Cold-Pumping: our experience
Klaas Hallenga (khalleng@midway.uchicago.edu)
Thu, 1 May 1997 11:37:54 -0600
>Hello all -
> Ken Fishbein's comments (below) on the difficulty of pumping a cold
>dewar are well considered. In our experience, when the LHe boil-off rate
>doubled and tripled on our 2T/45cm Oxford magnet several years ago, we had
>moderate success in cold-pumping the magnet with the proviso that the turbo
>pump must be no closer than the 50-gauss line to avoid eddy current forces
>from overloading it. To reduce the flow resistance, if possible make the
>stainless line from magnet to pump much larger in diameter than the magnet
>vacuum valve. In the case of a moderately slow leak, this procedure can
>easily extend the life of the dewar to a time more convenient and
>economical for you to bring down the field and warm it up for proper repair.
> In the way of an integrating He boil-off meter, on that same magnet when
>the LHe level sensor was in doubt, we used a gas volume mechanical meter
>(Wolgroth AG Zurich, 0.04 to 6 m3/hour) similar to a household natural gas
>meter. However, I found that simply the use of this meter on the magnet
>(increased back-pressure?) increased the helium consumption over not using
>the meter. That's the observation: anyone have an explanation? We have
>since resurrected the LHe level sensor and use a non-linear flow meter.
>The gas meter is sitting here unused.

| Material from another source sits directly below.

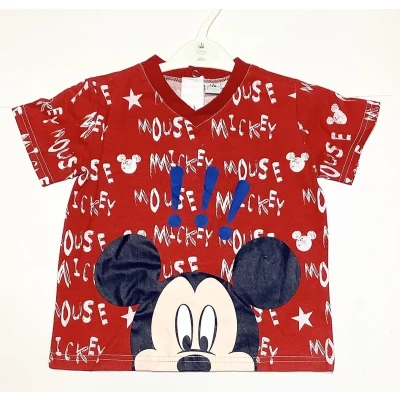 Afbeelding van Disney Mickey Mouse t shirt !!! rood maat 80 (18 maanden)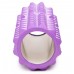 Масажний ролик (валік) Cornix EVA 330x140 мм, фіолетовий, код: XR-0328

Anyone like to try it?
>
> - Alan Olson
>
>
>> Dear AMMRL Members, Weds Apr 30, 97
>>
>> In response to Rich's suggestion to pump a failing magnet while
>>cold, I would like to point out that there are safety valves to protect
>>against accidental loss of vacuum if the power fails during the cold
>>pump-out. These are simply solenoid-activated gate valves which are
>>normally closed. They are wired to the pump power mains so that if there is
>>a loss of electric power, the gate will fall, closing the valve. These
>>valves are available from manfacturers of high vacuum equipment like
>>Alcatel, Leybold, and Varian.
>> In my experience, cold-pumping a magnet is usually not very
>>effective. The magnet, while filled with liquid helium, is an excellent
>>cryopump, exceeding the pumping speed of just about any commercially
>>available turbopump system. Also, it is not possible to bring a turbopump
>>very close to a large NMR magnet without having serious eddy current
>>problems. Thus, there usually has to be at least a one meter metal hose
>>between the magnet and the pump, and this can seriously degrade pumping
>>efficiency. In particular, it is very hard to pump helium gas out of a cold
>>magnet cryostat (or a warm one, for that matter). Since the presence of
>>traces of helium gas in the cryostat (due, for example, to an O-ring seal
>>frozen during a helium fill) is often the cause for degraded magnet
>>cryogenic performance, removing this helium will usually be necessary to
>>restore the magnet to specifications.
>> Provided that proper safety devices and practices are used, pumping
>>a cold magnet doesn't present a great hazard and it's not a very expensive
>>procedure, but we haven't seen much benefit from cold pumping our magnets.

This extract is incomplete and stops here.